We had a rainy night’s sleep and awoke the next morning to a gloomy day – both physically and metaphorically. It was time for us to part ways with J’s parents. They were off to Christchurch to return their camper before beginning the long journey back to Alabama. After two weeks of caravanning around New Zealand’s South Island, we were sad to see them go, but still excited for our upcoming adventures. We kicked it off with a day filled with happy surprises.

Steampunk HQ.

Steampunk HQ

For anyone not familiar, Steampunk is a personal aesthetic born out of literature… the likes of H.G. Wells and Jules Verne. Steampunk is where science fiction and fantasy meet the steam powered mechanical world. It imagines a future in which Victorian fashions and inventions have carried over, yet adding a whole new level of imagination. This retro-futuristic styling has spread from the page into fashion, fine art, film and design. I haven’t been exposed to it that often, but always found it fascinating. And our little visit to the Steampunk capital of the world, where citizens are literally walking down the street in their steampunk finest, has me wanting to drop everything and run away to Oamaru to live with the steampunk elite.

Oamaru is also home to the Steampunk Headquarters, a museum celebrating the steampunk vision.

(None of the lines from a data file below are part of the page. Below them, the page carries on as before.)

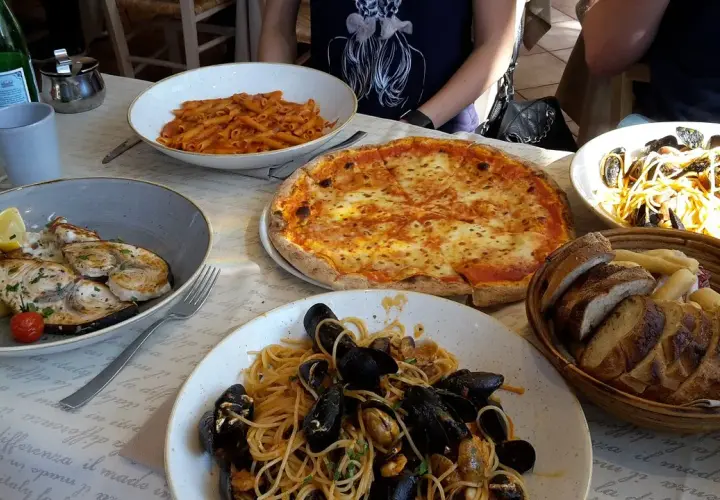 Gdzie zjeść w Lido di Jesolo? Najlepsze restauracje, które musisz spróbować
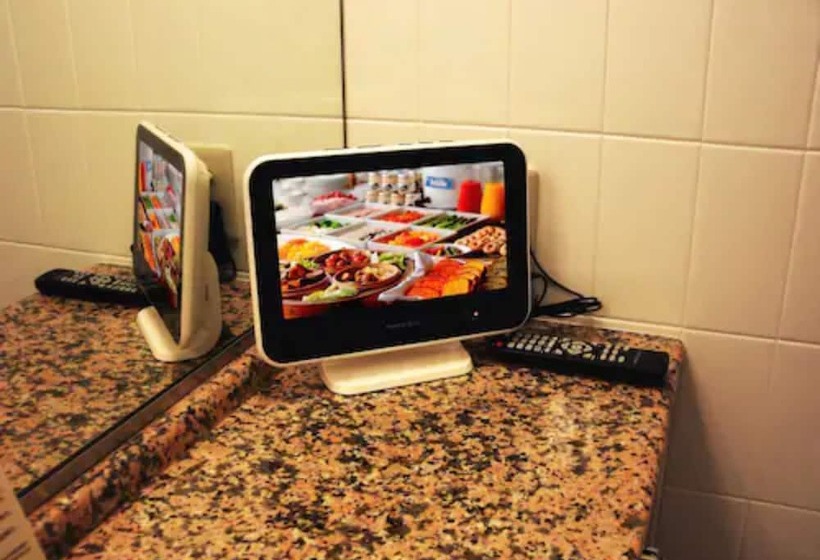 غرفة إقتصادية, Century Royal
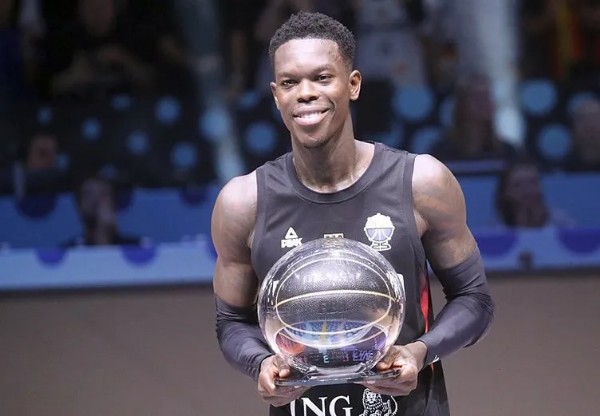 Antetokounmpo ve Dennis Schröder haddini aştı! Türk bayrağı için çirkin sözler...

The exhibitions on offer range from found object art to immersive light experiences and larger than life sculptural pieces. My favorite aspect has to be the “time machine,” which drops you straight into the Dr. Who-niverse. If you’re looking to inject a little quirk into you’re NZ road trip, this is the place to do it.

Steampunk HQ

A stroll down Harbour Street.

From Steampunk HQ we took a turn down Harbour Street. This little laneway behind the main street of Oamaru is a beautifully restored example of 19th century architecture. I like to think that the bunting is a permanent fixture, although I have a sneaking suspicion that it was all in celebration of the Queen’s birthday, which just so happened to be the day we were there. In honour of the Queen Mum, we splurged on a sweet treat, Deja Moo. This local ice cream shop had the most inventive flavors I’ve seen in a while. I had a scoop of caramel corn, with actual popcorn kernels and a scoop of vanilla pinot noir. Both were fantastic. Jason, ever the Irish cream fanatic, got a double scoop of Bailey’s.

Harbour Street Oamaur

Deja Moo Oamaru

We continued to meander down the street, popping in a variety of shops, including two of the absolute coolest secondhand bookstores IN THE WORLD. Adventure Books is dedicated solely to, you guessed it, books about adventure. There is a wicked travel section and shelves upon shelves covering everything from mountaineering to white water rafting, sailing and going on safari. The owners, fellow Yanks from the Lone Star state,  have been residents of Oamaru for decades, and couldn’t be happier to be missing out on all the chaos back in the States. Amen to that. My favorite feature of Adventure Books? The full sized sailboat right at the entrance!

Needless to say, we spent a lot of time perusing the bookcases. This unfortunately didn’t leave us much time for the rest of the treasures along the street and beyond. We did pop into another fantastic used book store, Slightly Foxed Books. I had a mad dash of book lust and fell in love with an Alice in Wonderland themed children’s reading nook… it was really more like a fort. Seriously, how does such a small town get so rich with awesome book stores?

Adventure Books Oamaru

Onward and, well, onward.

I feel like this is a recurring sentiment on here, but I wish we’d had more time. I easily could have spent a day or two just soaking up the awesome vibe in Oamaru. But onward we had to go. After two weeks of non-stop travel, we were ready to take the pace back down a few notches. Wanaka and Queenstown would be the perfect area to hang around for a while, so off we went.



A fun reality series to catch if you’re interested in Steampunk is Steampunk’d, a competition show where creators compete in challenges transforming the ordinary into steampunk art. Check it out!